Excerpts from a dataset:
○ ○ ○ ○ ○ ○ ○
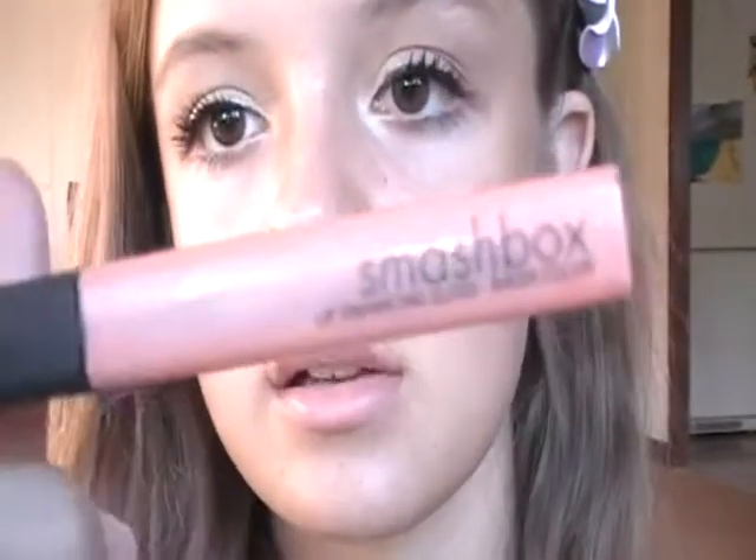Now you can just use any lip gloss that you want. I'm using Expose by Smashbox, and I'm running out of it as you can tell. Or you can just use any lip gloss that you want — I found this in my mom's makeup stuff and found it to be a very nice color. It's kind of sticky though, but it's really pretty.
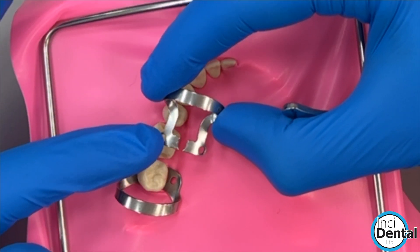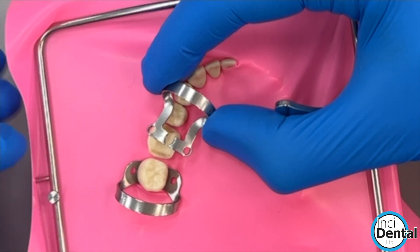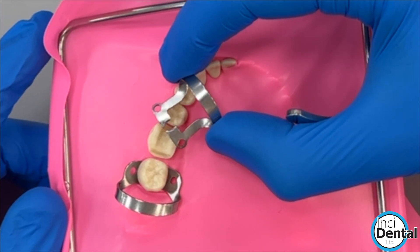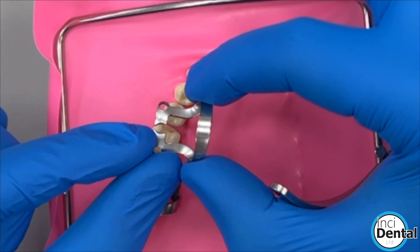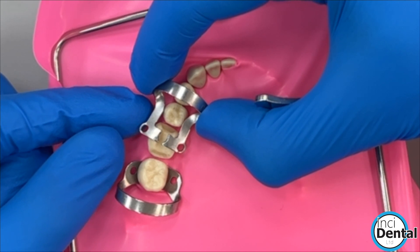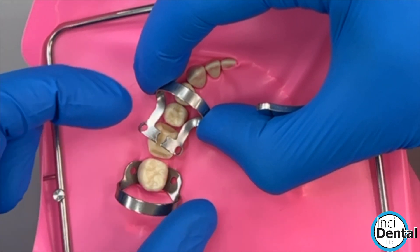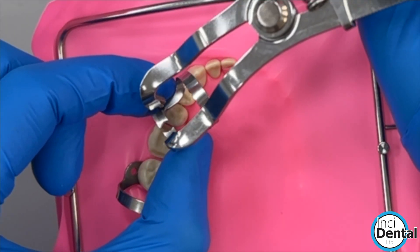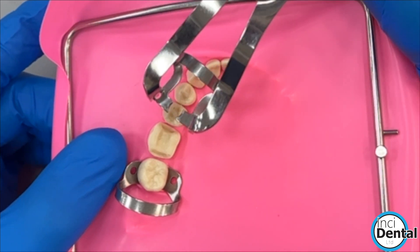The features of the clamp are that it's got a very flat and long arm to the bow, and that allows you space to do your cementation and to floss your contacts. The tines are offset, and you'll see that when it gets placed mesially — which is how it's designed — it sits very evenly with a nice four-point contact on the tooth, whereas something like a B4 or cut B6 doesn't give you that nice fit without modification.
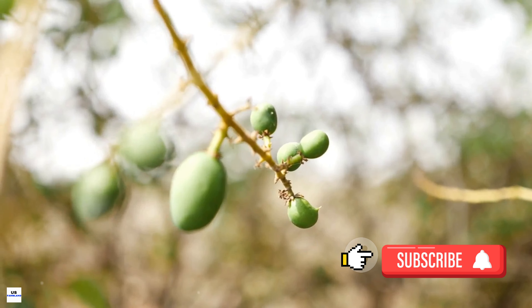Pruning is another important aspect of mango tree care. Pruning is done not only to give the tree a pleasing shape, but also to remove dead wood and to encourage the growth of new fruit-bearing branches. Typically, mango trees are pruned after harvest, during the late winter or early spring.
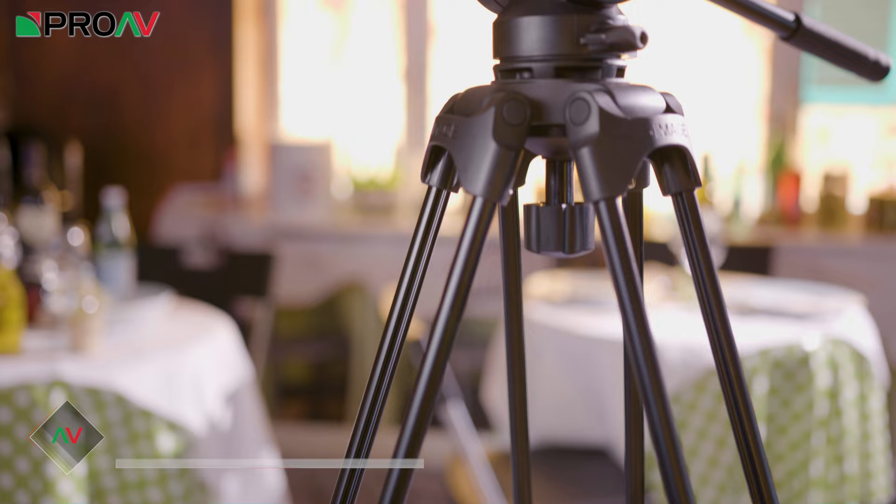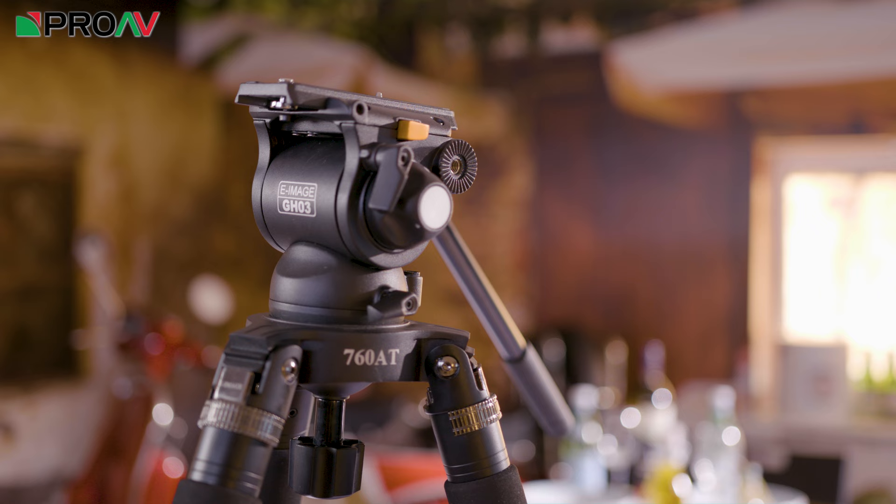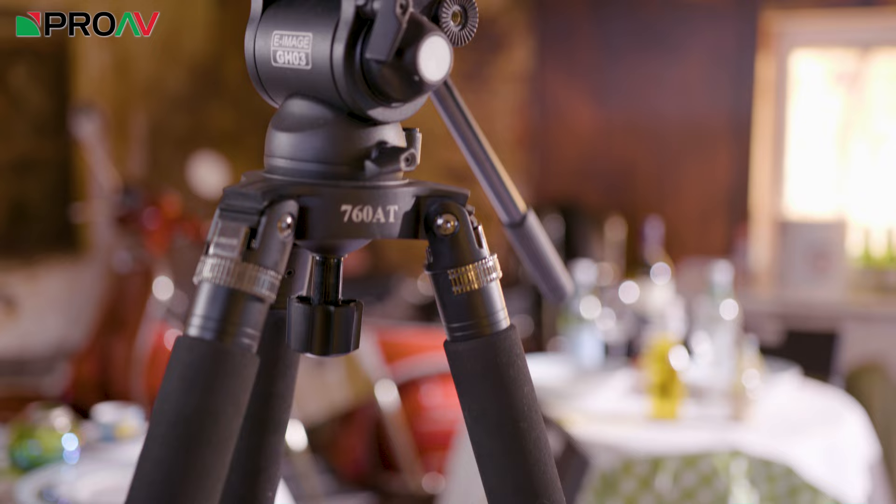Carl here for ProVTV and today we are looking at two new budget tripods from eimage. This is the EG04 tripod, which is a completely new design for eimage. And this is their previous GHO3 head, which itself has been around for a while, but they now bundle it with these nice new solo legs from eimage which makes a big difference. Both of these tripods come in almost exactly the same price at around the 200lb mark. I thought I would make a video to talk you through the differences and help you decide which of these two tripods is right for you.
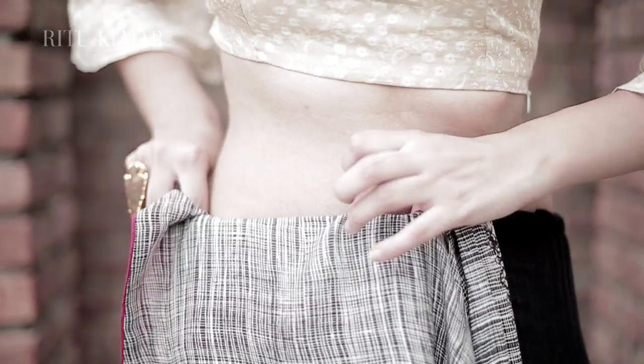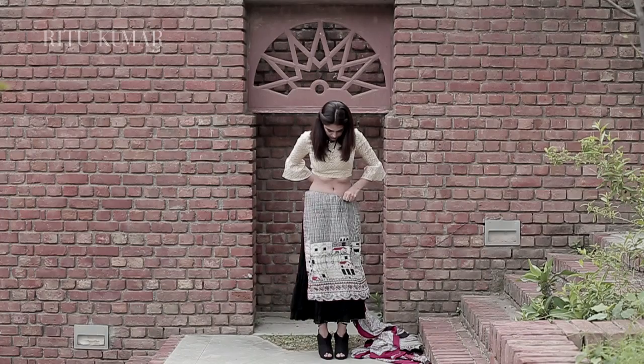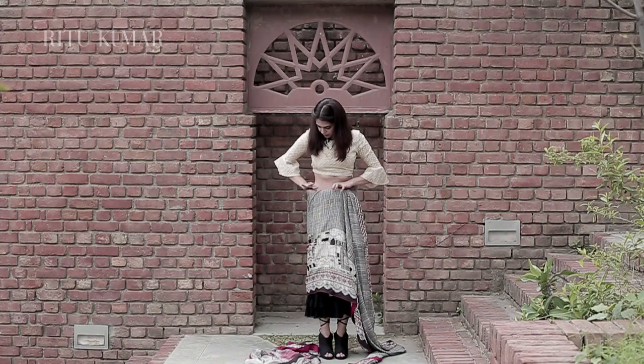Start by tucking the saree in on your right side. For this drape, we will tuck in more than usual to shorten the length. As you can see, I've tucked in more than one quarter of the saree.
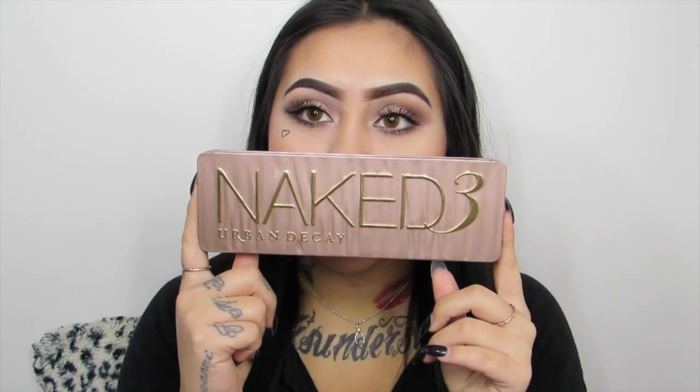This is the Naked 3 by Urban Decay and honestly I barely ever used it. Like I've used this palette maybe three or four times. This was my fourth time and this eye look is literally in this palette. Alright guys, if you want to see how to get this look just keep on watching.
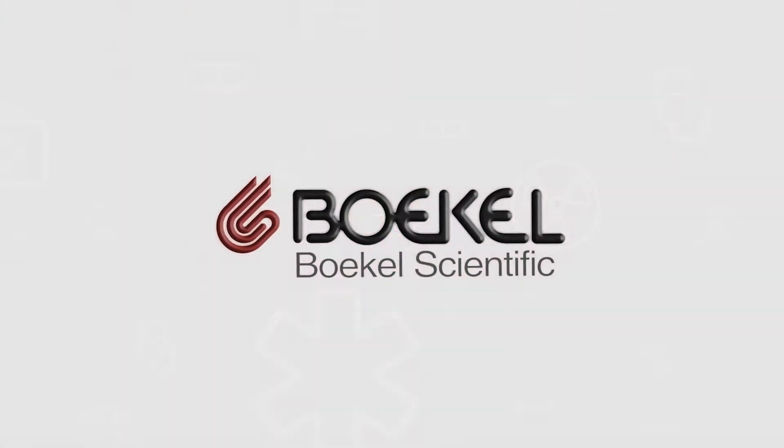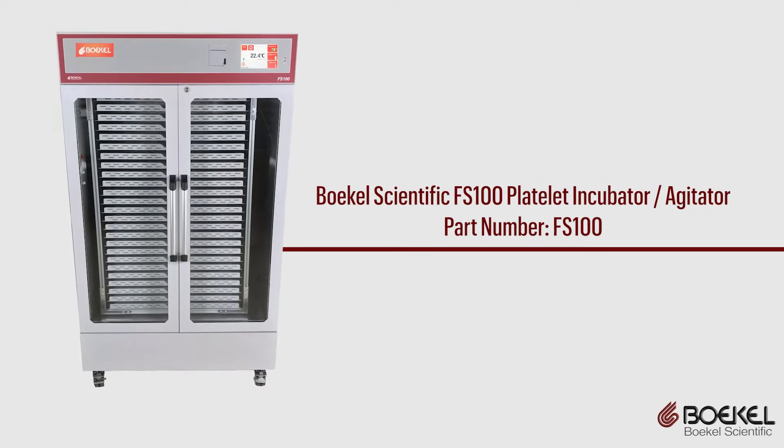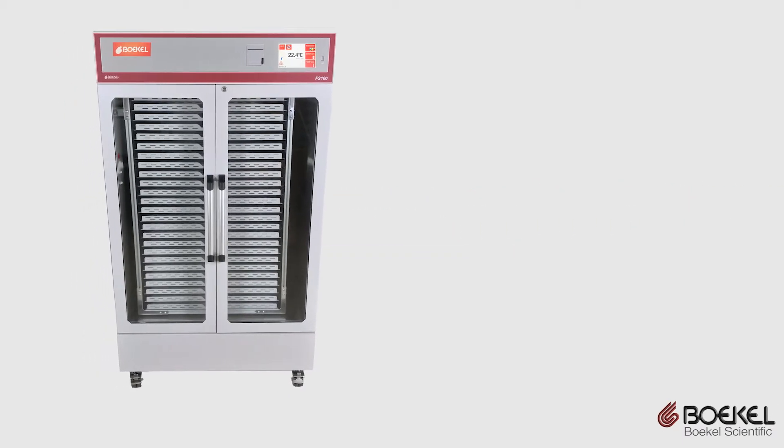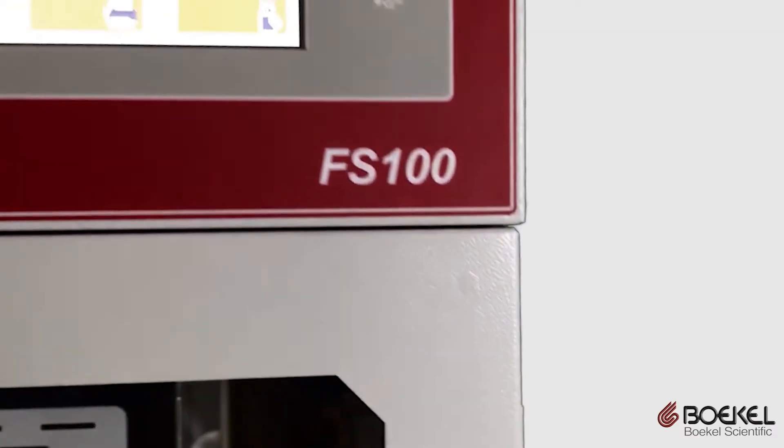Introducing the Bocal Scientific Floor Standing Platelet Incubator Agitator. Bocal Scientific, a leading U.S.-based manufacturer of blood banking equipment, presents the FS100.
○ ○ ○ ○ ○ ○ ○
• **WORK REQUIRED**
Take the line with "Carl here for" as the first line and the last line of the records above as the final one; reproduce exactly the lines between them, both included, without pictures.

• **TASK ANSWER**
Carl here for ProVTV and today we are looking at two new budget tripods from eimage. This is the EG04 tripod, which is a completely new design for eimage. And this is their previous GHO3 head, which itself has been around for a while, but they now bundle it with these nice new solo legs from eimage which makes a big difference. Both of these tripods come in almost exactly the same price at around the 200lb mark. I thought I would make a video to talk you through the differences and help you decide which of these two tripods is right for you.
Start by tucking the saree in on your right side. For this drape, we will tuck in more than usual to shorten the length. As you can see, I've tucked in more than one quarter of the saree.
This is the Naked 3 by Urban Decay and honestly I barely ever used it. Like I've used this palette maybe three or four times. This was my fourth time and this eye look is literally in this palette. Alright guys, if you want to see how to get this look just keep on watching.
Introducing the Bocal Scientific Floor Standing Platelet Incubator Agitator. Bocal Scientific, a leading U.S.-based manufacturer of blood banking equipment, presents the FS100.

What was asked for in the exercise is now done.